# How old is too old?



## Sylvie (Feb 18, 2013)

This last weekend my family thought of training a pack/harness goat. I've done a lot of "homework" on the subject in the past, but never started. 
My candidates are our 6 month Sannen/LaMancha doeling and 2 month ND doeling. I know the ND will probably be too small, but we thought our Muchie would like a training buddy. 
Is she (LaMancha) too old? She's quite the diva, runs like a race horse, and will most likely turn herd queen once she gets a little more size. I don't know if these are bad qualities in a working goat?? 

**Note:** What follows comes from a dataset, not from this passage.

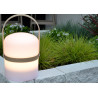 Lucide JOE - Lampe de table Rechargeable Intérieur/Extérieur - Batterie/Piles - Ø 14,5 cm - LED Dim. - 1x3W 3000K - IP44 - Blanc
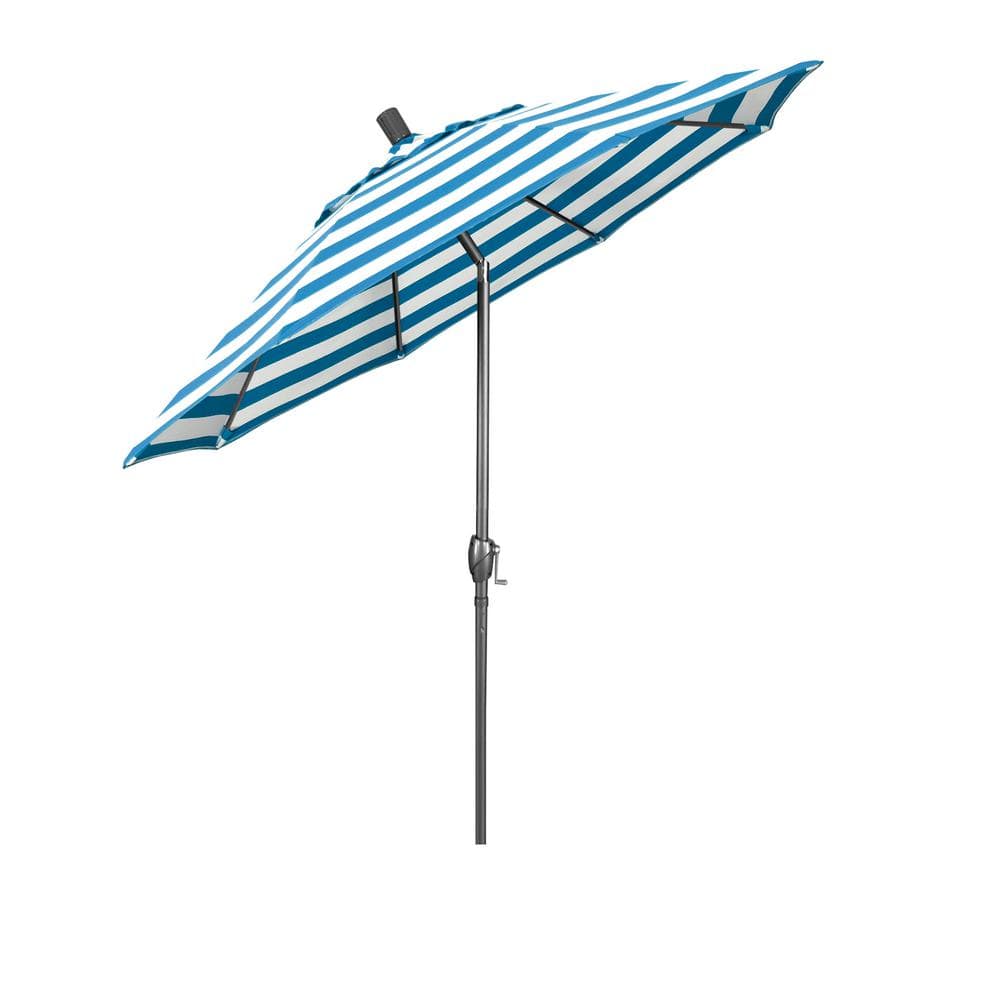 7.5 ft. Orange Aluminum Market Patio Umbrella with Crank Lift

We thought if nothing else, we could train them to take to the park and beach and stuff...

Thanks in advance!


----------



## goathiker (Apr 14, 2011)

6 months is a great time to start. I have found that bottle babies are easier then dam fed kids. Both types can be trained though. It seems as if the very best pack goats are the the biggest pain in the rear at home. That 'get it done' attitude is was makes them good working animals. 
Do be aware that a doe in heat will attract buck deer. A rutting buck deer can be danerous and will hurt you to get to your doe. Be extra careful in the fall.


----------



## Sylvie (Feb 18, 2013)

Thank you! I wasn't quite confident about her, but your answer reassured me 

About the deer, we'll make sure not to go backpacking in the fall.

I'll probably have more questions down the road


----------